#### DESCRIPTION OF THE TASK
From the line containing "Hidden Jadesteel Pond - Normal (AVL-060 N)" through the end of the material below, output each line exactly as written, with pictures excluded.

#### DATA SEGMENT
┄┄┄┄┄┄┄┄┄┄
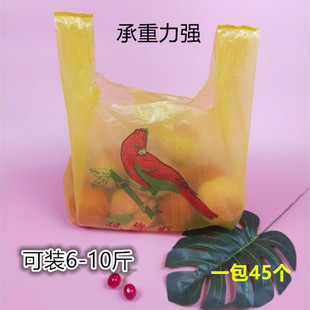 7斤大号水果马夹袋黄色袋水果店用塑料袋装西瓜袋子
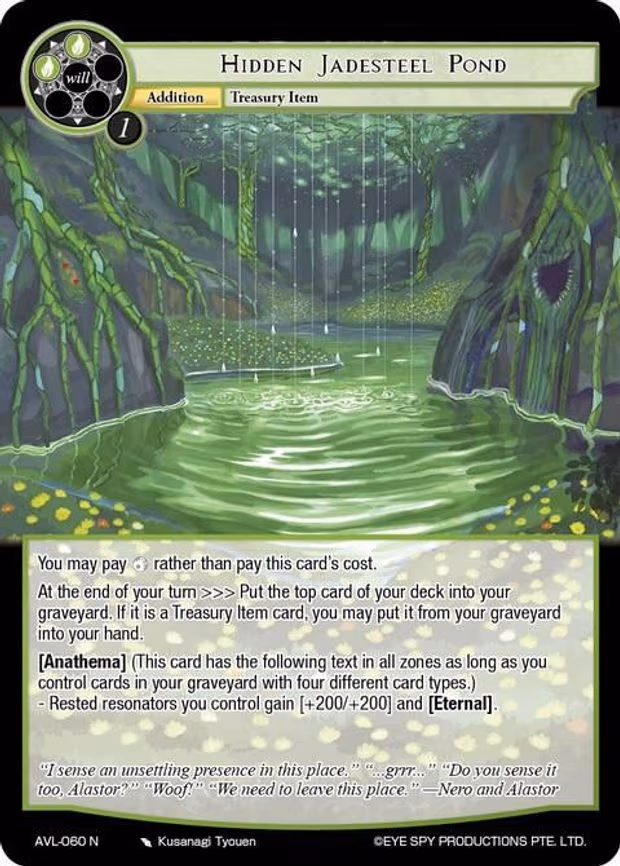 Hidden Jadesteel Pond - Normal (AVL-060 N)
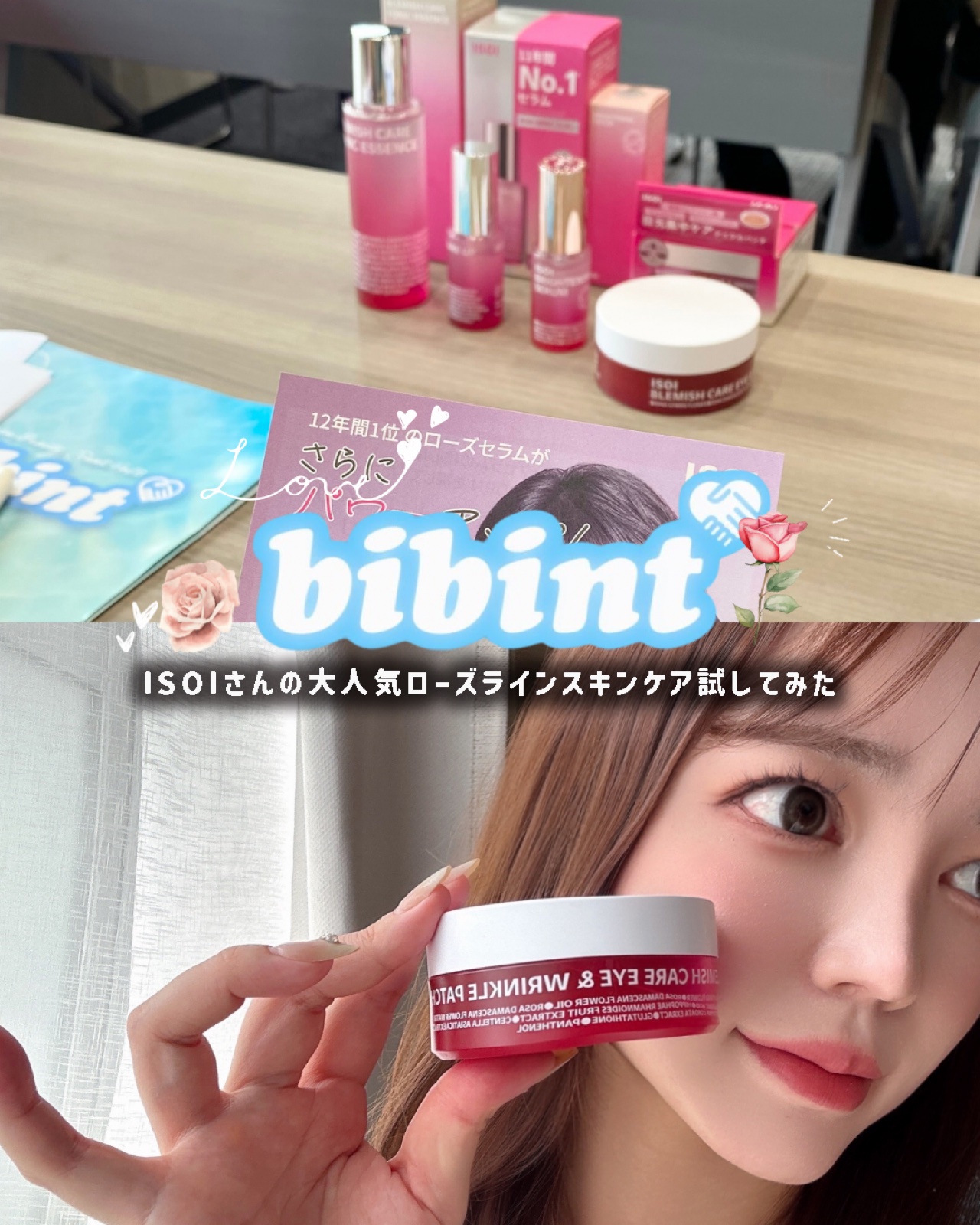 ブレミッシュケアアップ セラム/ISOI/美容液を使ったクチコミ（1枚目）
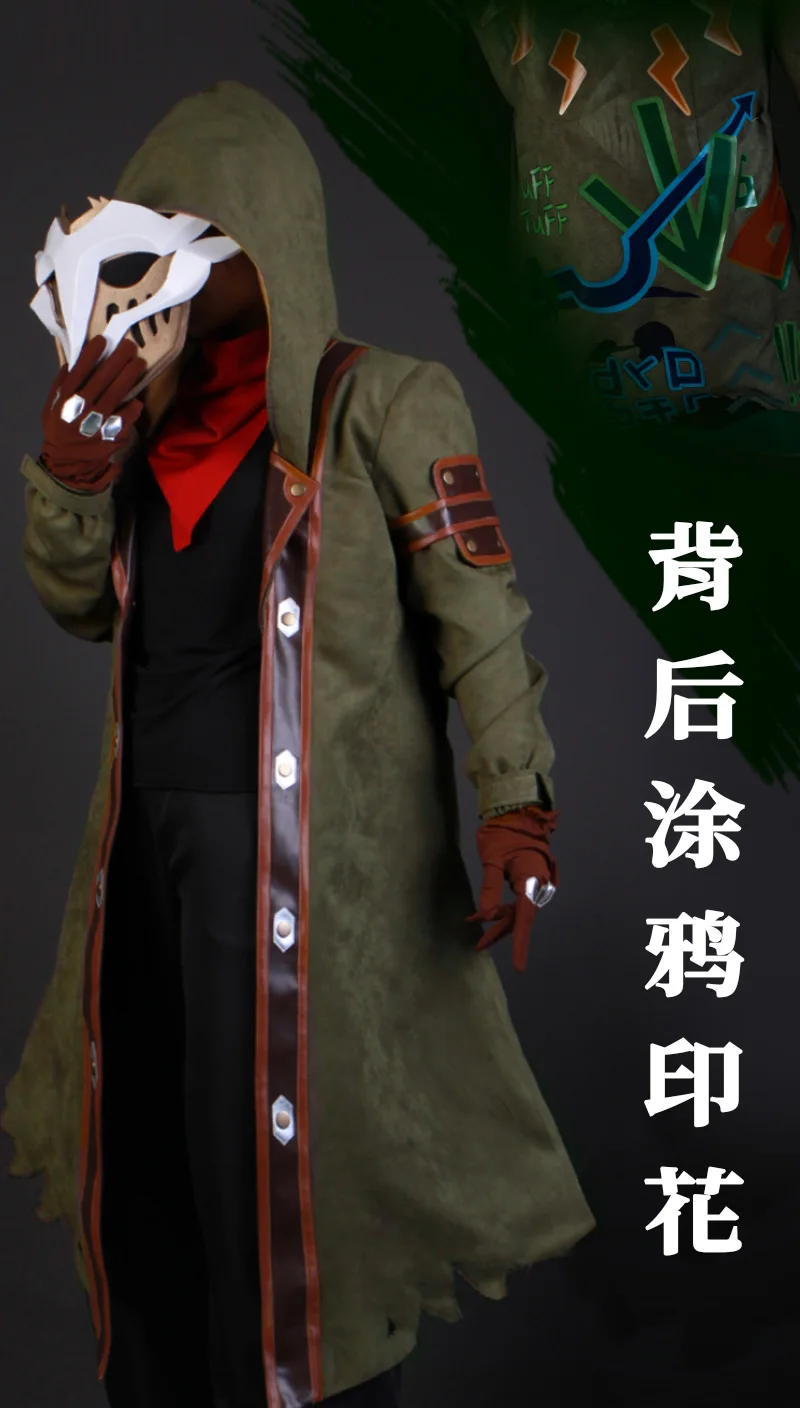  Ekko Arcane ڽ ڽƬ, ð   ҳ, Ekko ڽ  Ʈ, ҷ īϹ Ƽ Ʈ  Ź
┄┄┄┄┄┄┄┄┄┄
#### OUTPUT FOR THIS TASK
 Hidden Jadesteel Pond - Normal (AVL-060 N)
 ブレミッシュケアアップ セラム/ISOI/美容液を使ったクチコミ（1枚目）
  Ekko Arcane ڽ ڽƬ, ð   ҳ, Ekko ڽ  Ʈ, ҷ īϹ Ƽ Ʈ  Ź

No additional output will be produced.